◆ **What is being asked**
Transcribe everything in the listing as written, and let no image into the copy.
=== Collected data ===
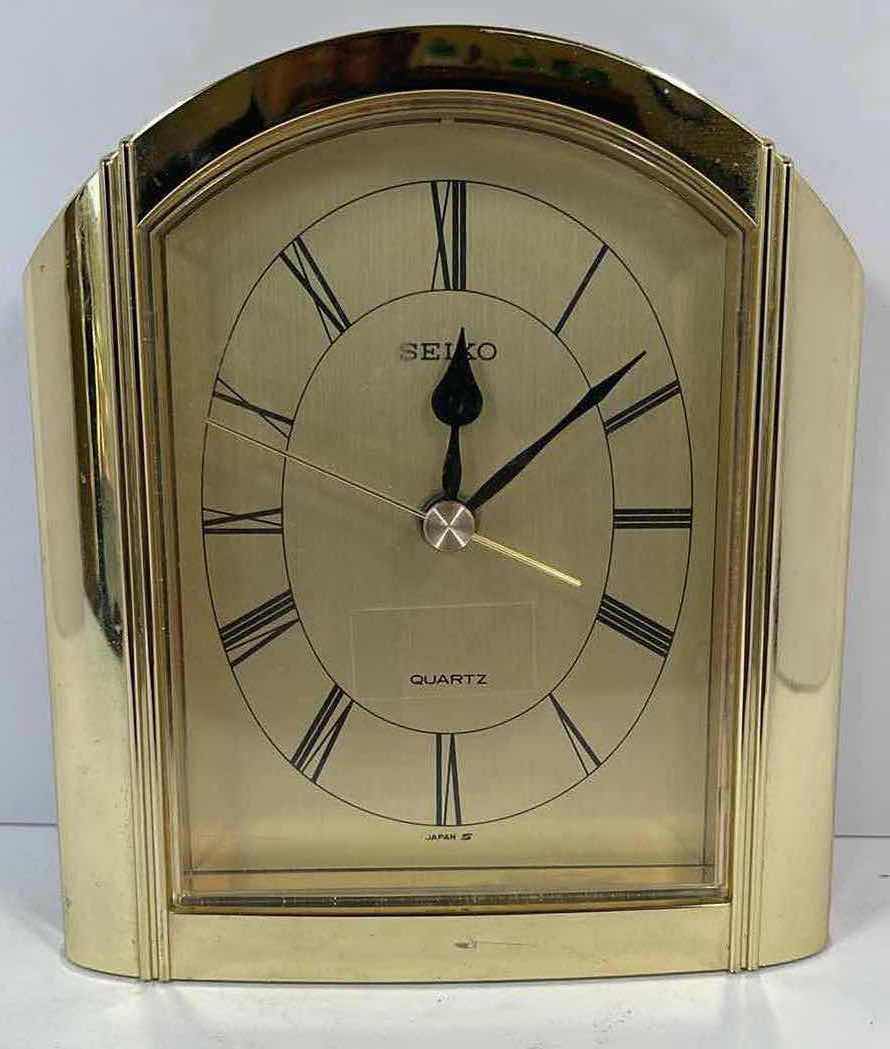 Photo 1 of SEIKO QUARTZ GOLD TONED TABLE CLOCK H6”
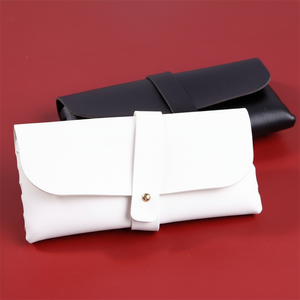 Étui à lunettes et sac à lunettes en cuir à boucle en daim - Product Image 1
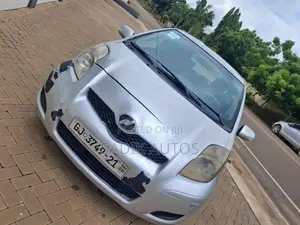Toyota Vitz 1.3 FWD 5dr 2010 Silver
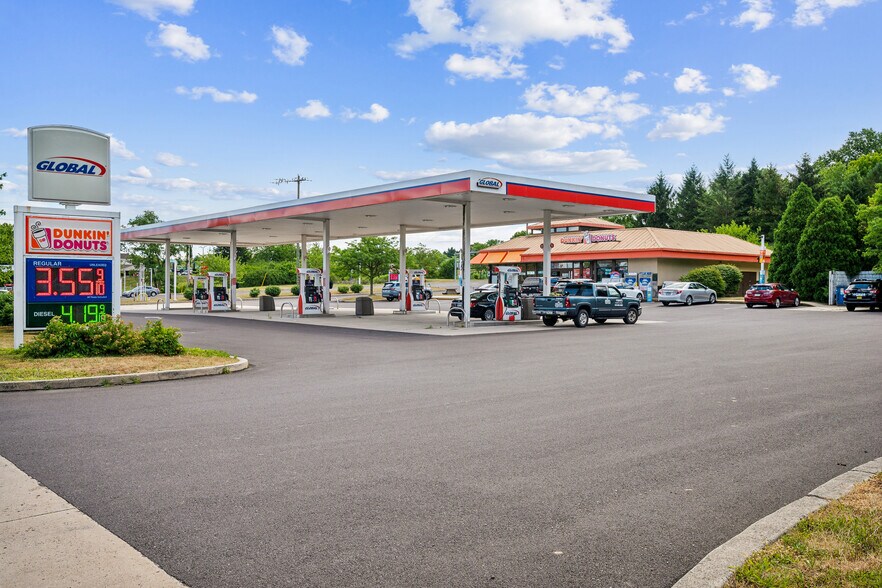 More Photos Of 549 Doylestown Rd, Lansdale Service Station For Sale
===
◆ **Written solution**
 Photo 1 of SEIKO QUARTZ GOLD TONED TABLE CLOCK H6”
 Étui à lunettes et sac à lunettes en cuir à boucle en daim - Product Image 1
Toyota Vitz 1.3 FWD 5dr 2010 Silver
 More Photos Of 549 Doylestown Rd, Lansdale Service Station For Sale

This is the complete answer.